[Source data]

Content starts

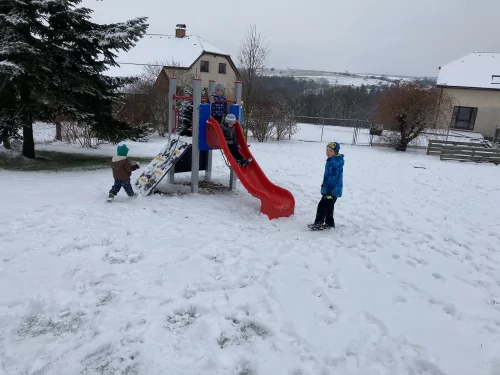 Fotogalerie MŠ Červená Hora - První sníh, foto 6/8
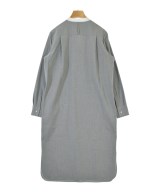 BEIGE,（ベイジ）ワンピース グレー サイズ:4(M位) レディース/2200661134207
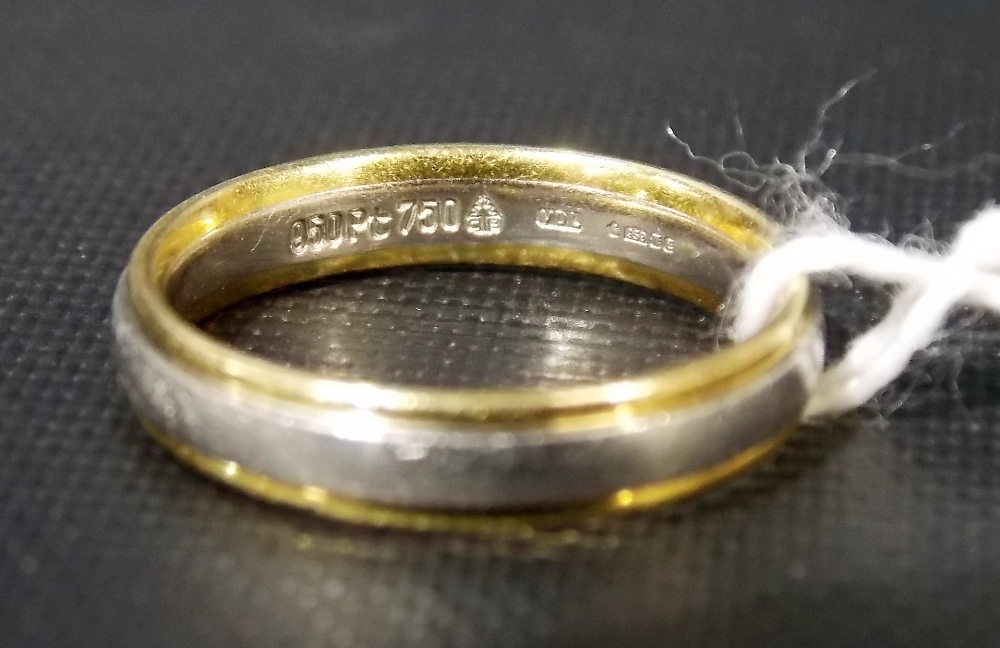 18ct gold and platinum wedding band, weight 5.1g approx.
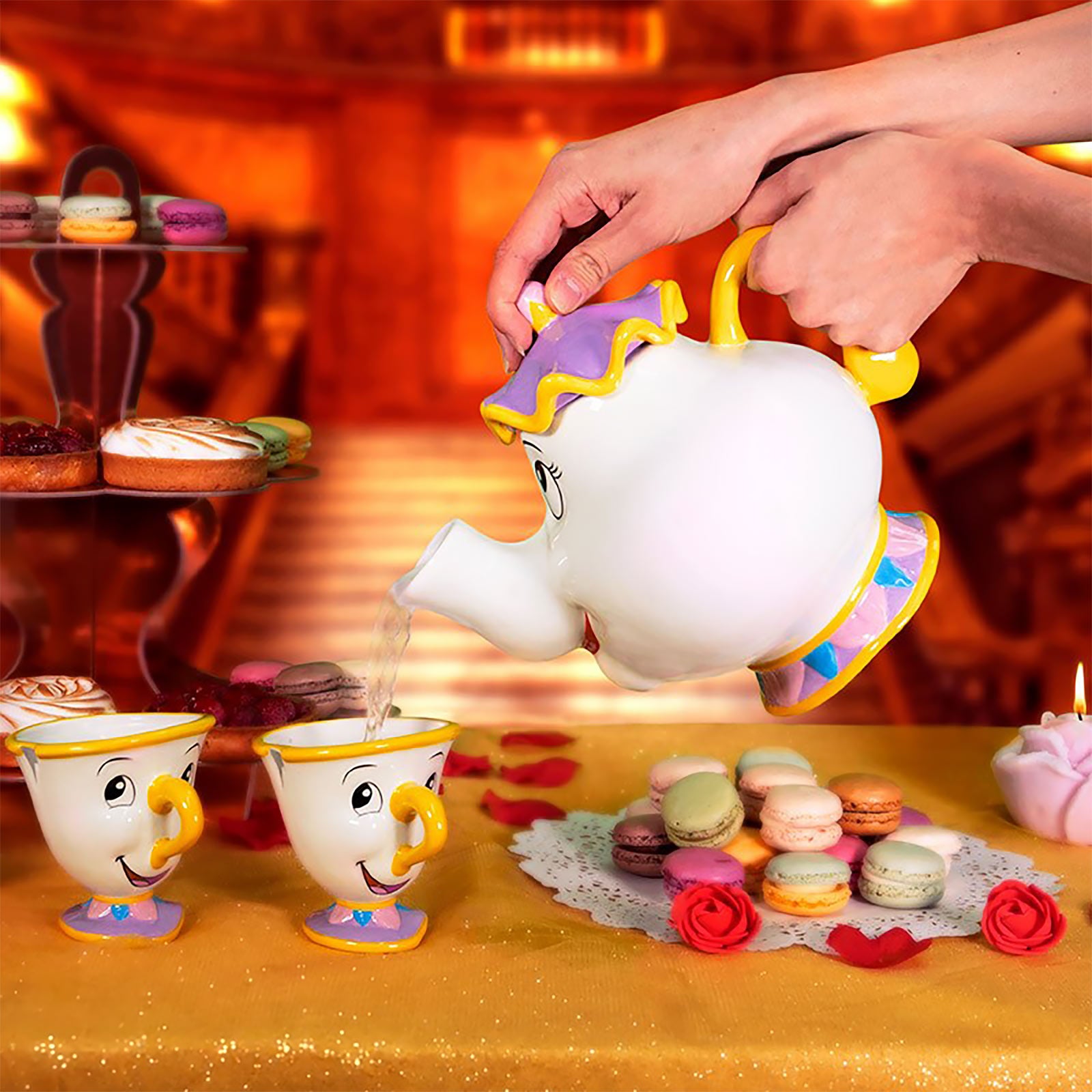 Product image Beauty and the Beast - Mrs. Potts and Chip 3-piece tea set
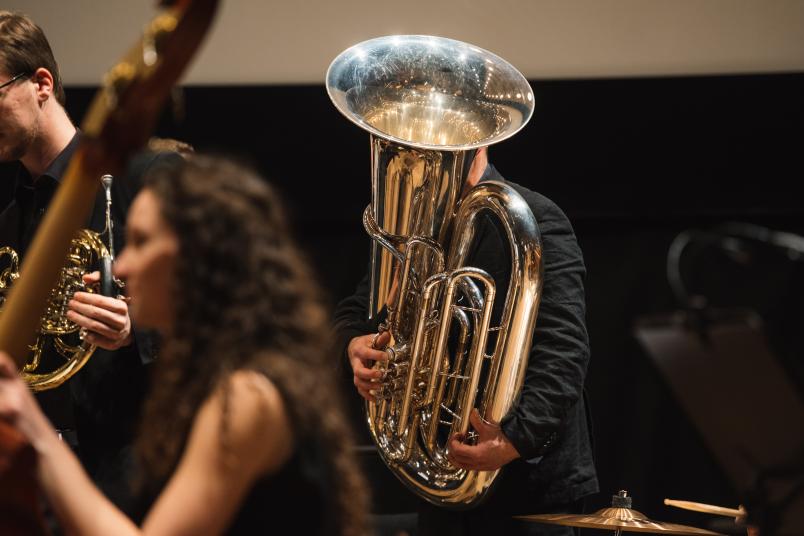 Musiker bei einem Konzert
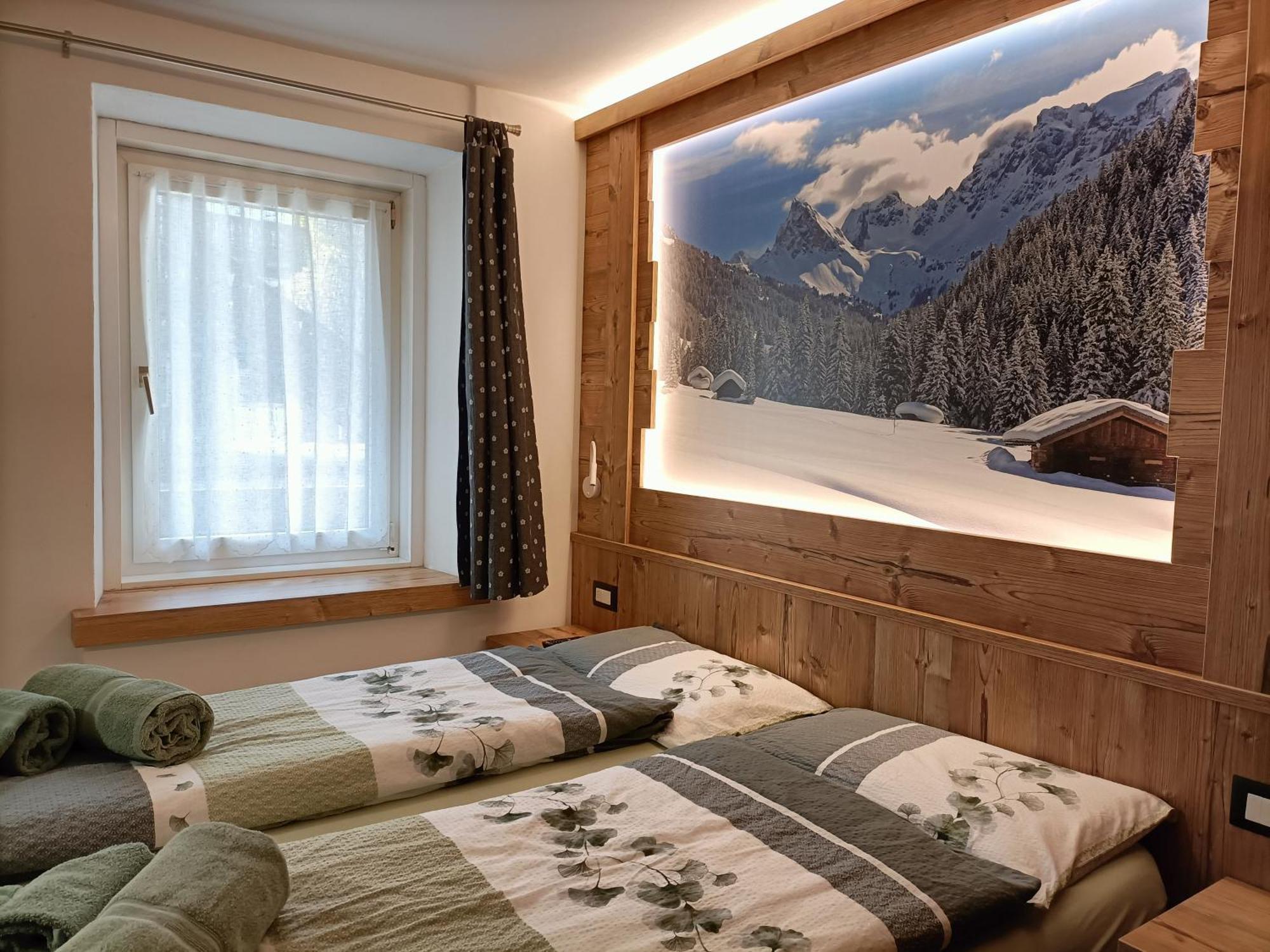 Casa Paola Lägenhet Pozza di Fassa Exteriör bild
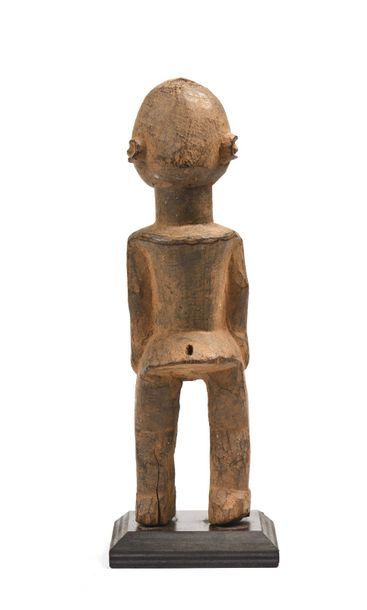null Statue Bateba Lobi, Burkina Fasso : Figure en bois dur très géométrique , patine...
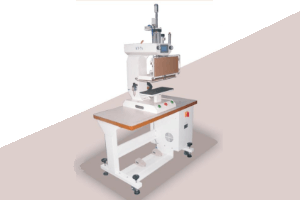 booth24-C01-01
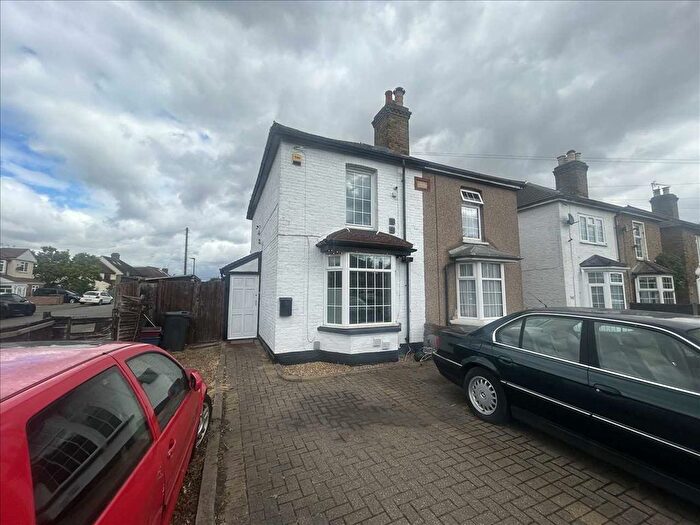 2 Bedroom Semi-Detached House For Sale In Staines Road, Bedfont, TW14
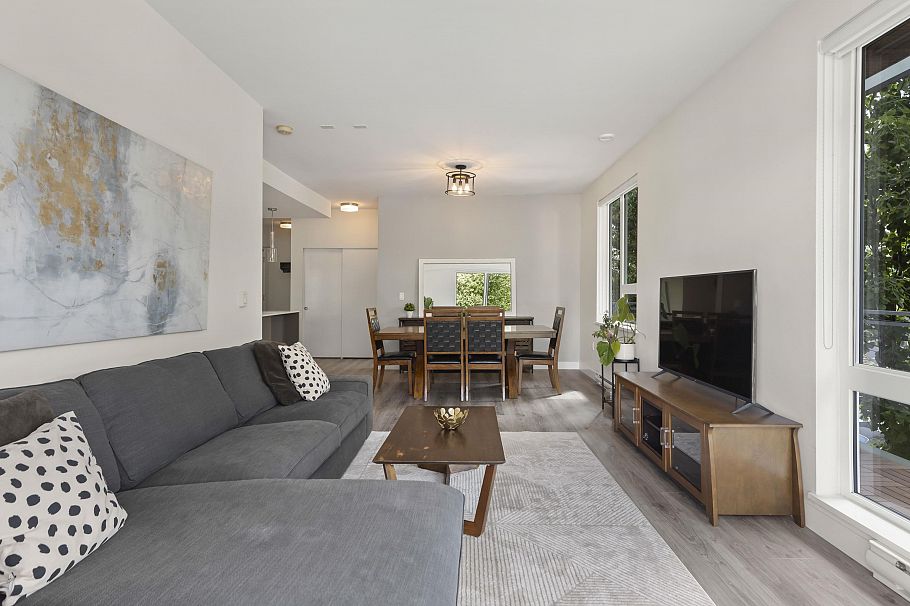 303 1327 Draycott Road North Vancouver, BC - 11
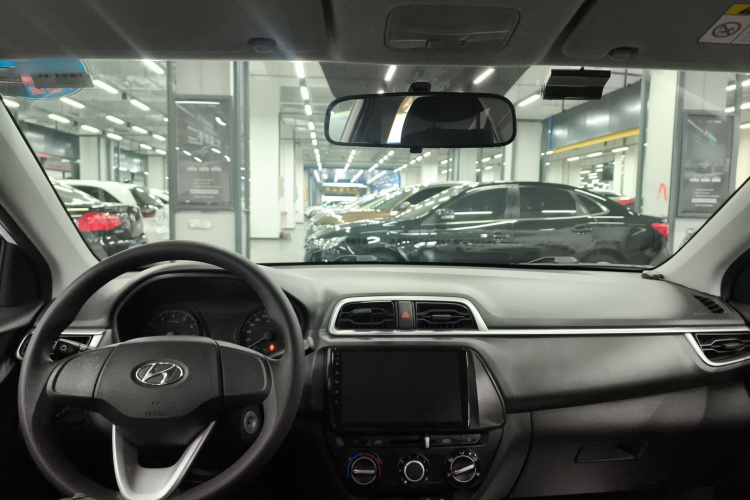 现代 瑞纳 2017款 1.4L 手动焕新版 国V中控内饰12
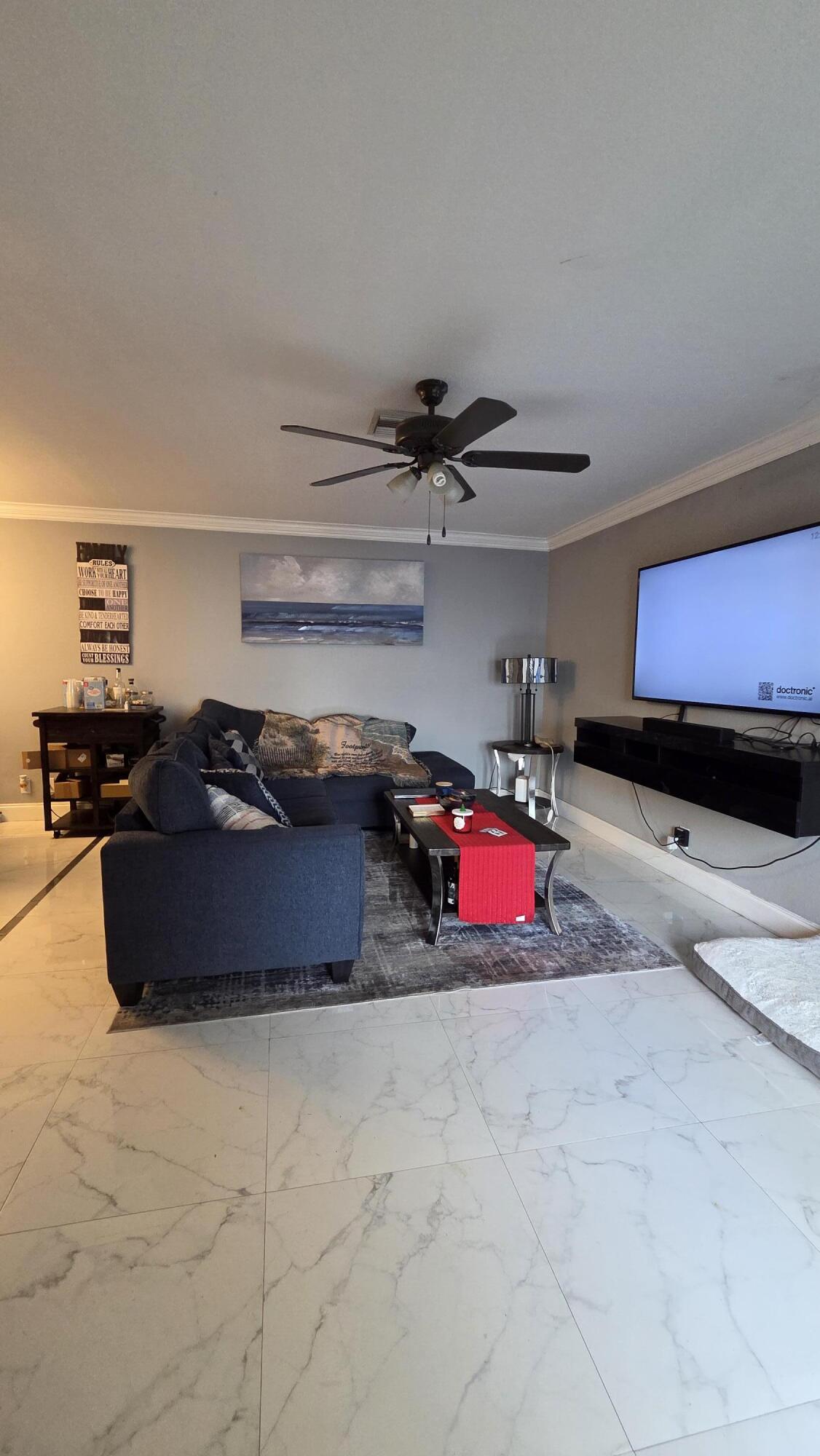 4 Crossings Circle B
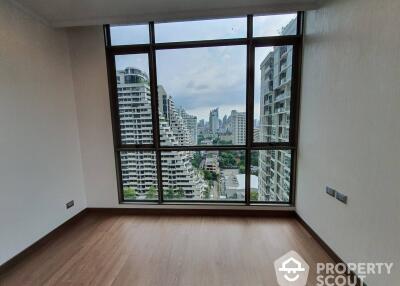 2-BR Condo at Supalai Oriental Sukhumvit 39 near MRT Phetchaburi (ID 513856)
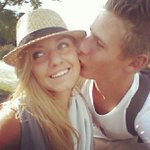 Eric Askew - @larchesli - Instagram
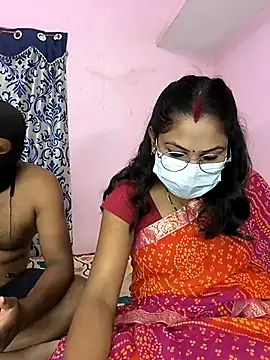 Snapshot of Lovlycouple1 chatting on 10.22.25 Lovlycouple1 online show from 10.22.25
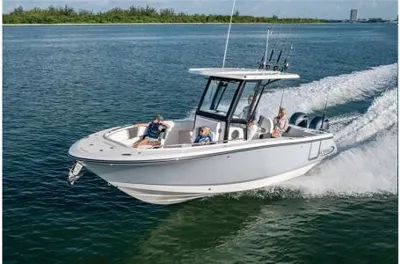 2024 Robalo R250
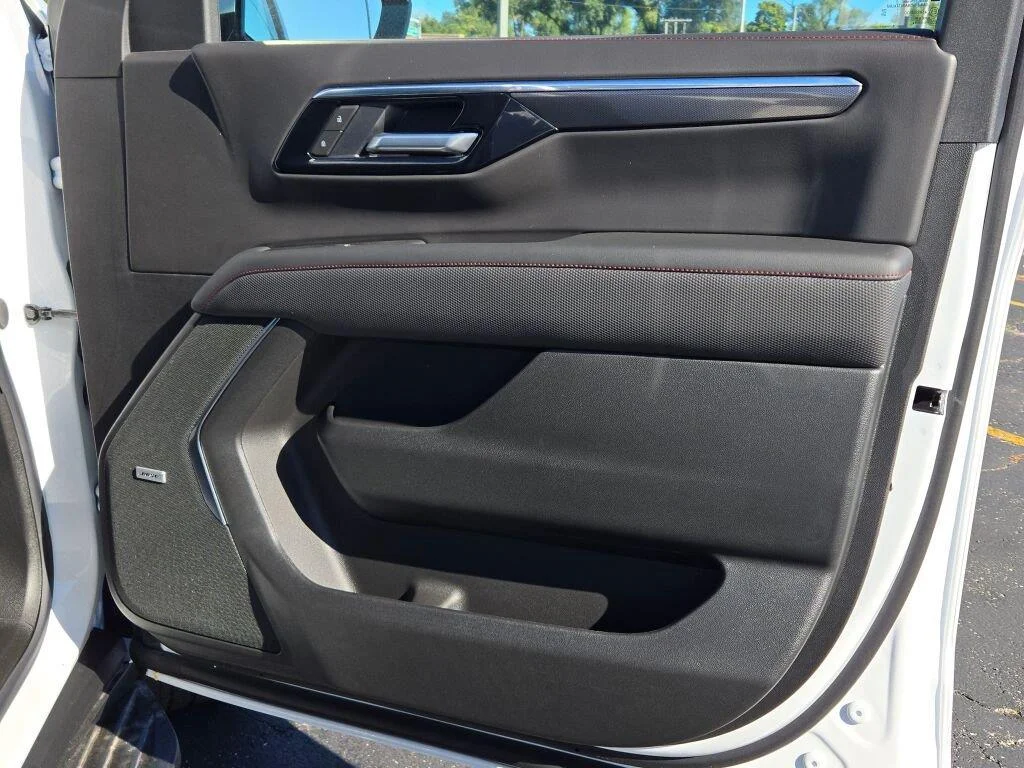 2026 Chevrolet Tahoe RST - Photo 6
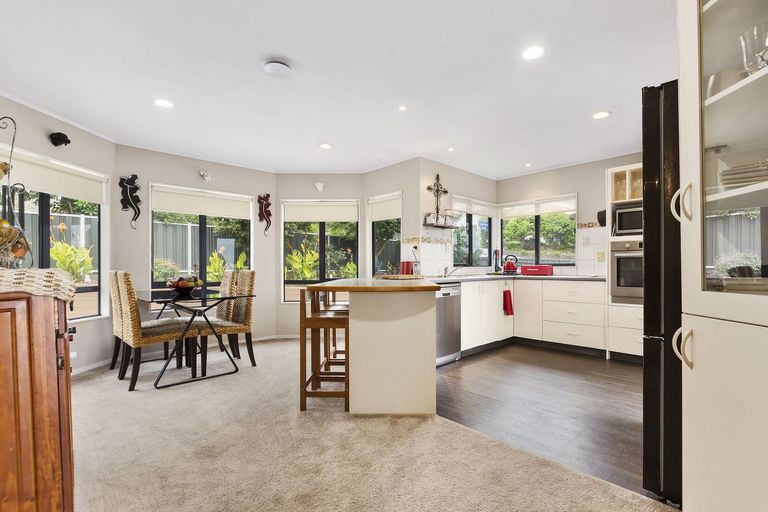 Photo of property in 3 Village Park Drive, Welcome Bay, Tauranga, 3112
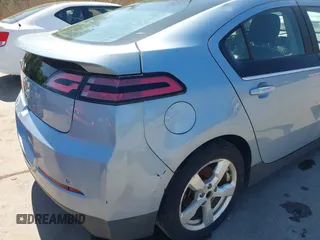 2014 Chevrolet Volt with VIN 1G1RH6E40EU149838, listed as a IAAI auction lot 42145097 with 110,467 mi miles and . Bid and sale history available at DreamBid. Image 20.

Content ends

**What the task requires:**
Pictures are not part of the copy. Extract exactly the lines from the line containing "Photo of property" through the final line of the entries above, both included.

**Written answer:**
 Photo of property in 3 Village Park Drive, Welcome Bay, Tauranga, 3112
 2014 Chevrolet Volt with VIN 1G1RH6E40EU149838, listed as a IAAI auction lot 42145097 with 110,467 mi miles and . Bid and sale history available at DreamBid. Image 20.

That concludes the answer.